DATA FOR THIS EXERCISE:
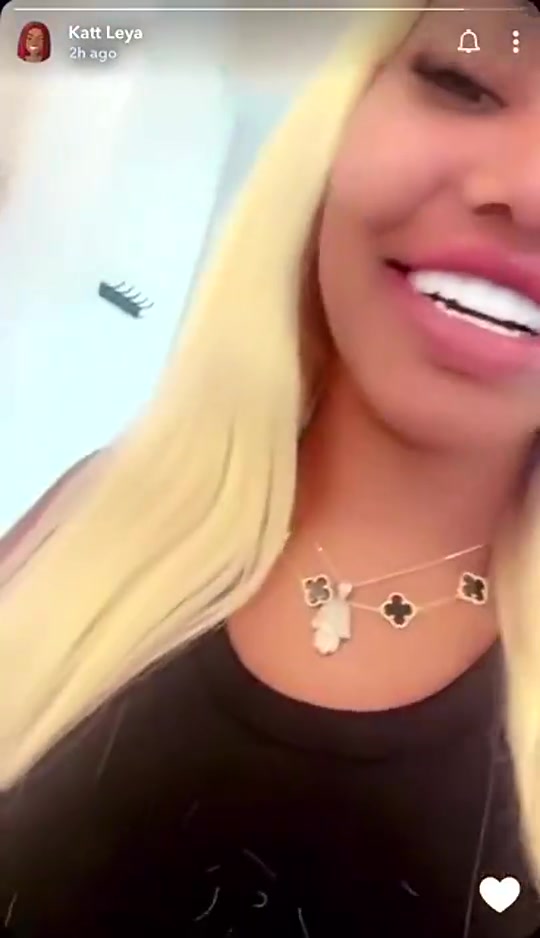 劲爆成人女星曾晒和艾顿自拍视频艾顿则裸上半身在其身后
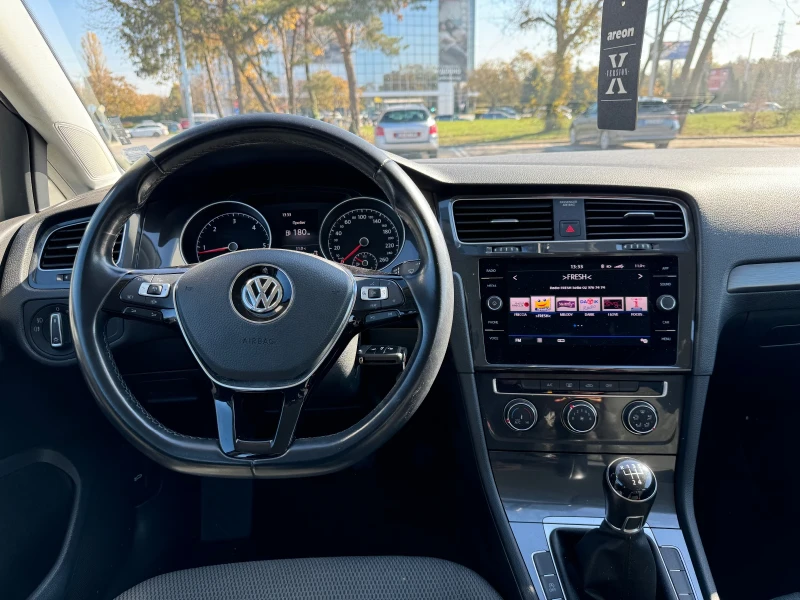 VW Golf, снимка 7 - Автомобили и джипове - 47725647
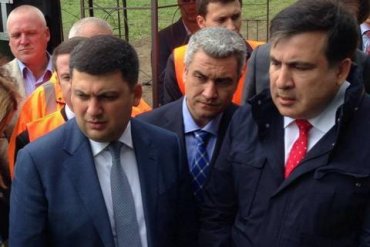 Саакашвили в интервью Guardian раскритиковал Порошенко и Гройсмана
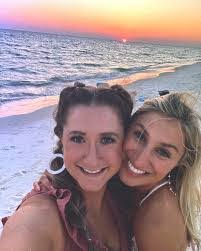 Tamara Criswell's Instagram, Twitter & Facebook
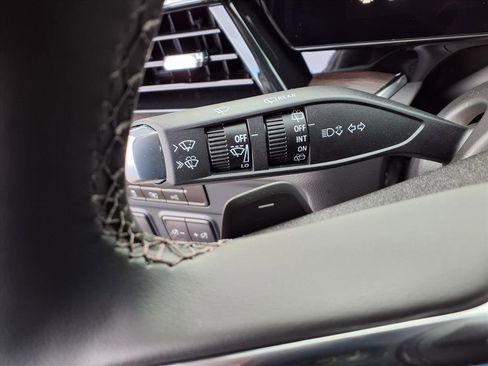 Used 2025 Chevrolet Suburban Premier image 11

...

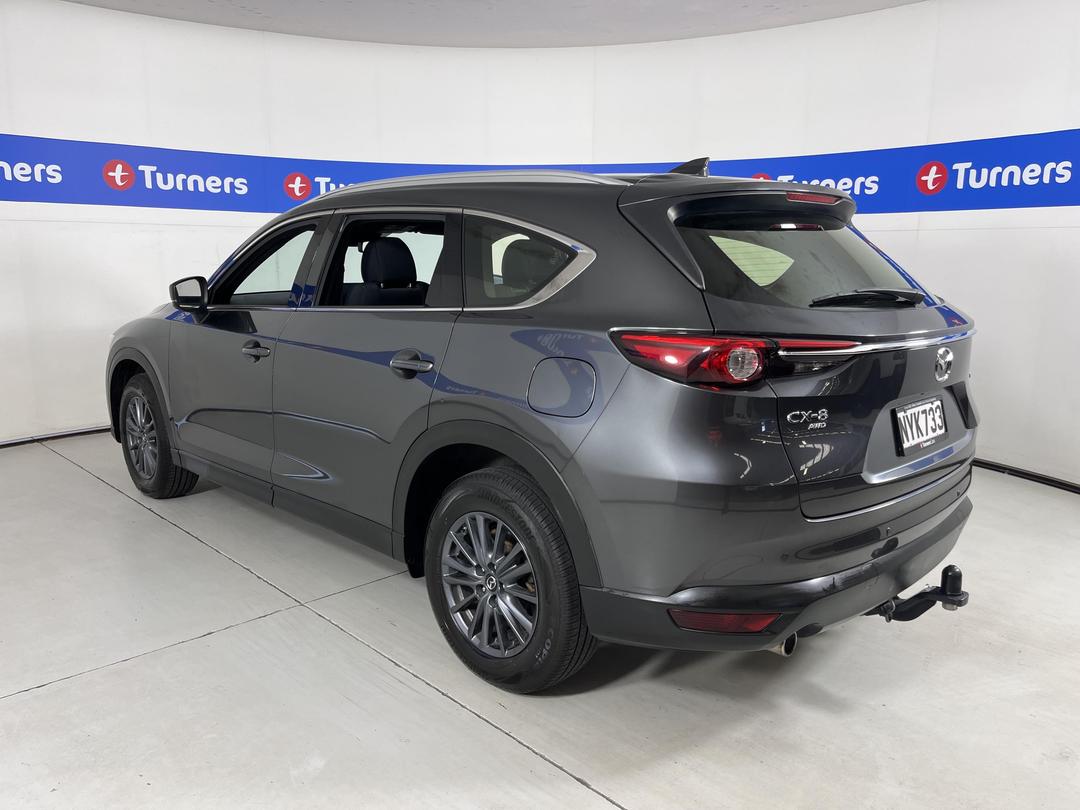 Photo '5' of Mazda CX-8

WORK TO BE COMPLETED:
Using the listing above, restate exactly the range between the lines holding "Саакашвили в интервью" and "Used 2025 Chevrolet", inclusive, with pictures left out.

ANSWER BELOW:
 Саакашвили в интервью Guardian раскритиковал Порошенко и Гройсмана
 Tamara Criswell's Instagram, Twitter & Facebook
 Used 2025 Chevrolet Suburban Premier image 11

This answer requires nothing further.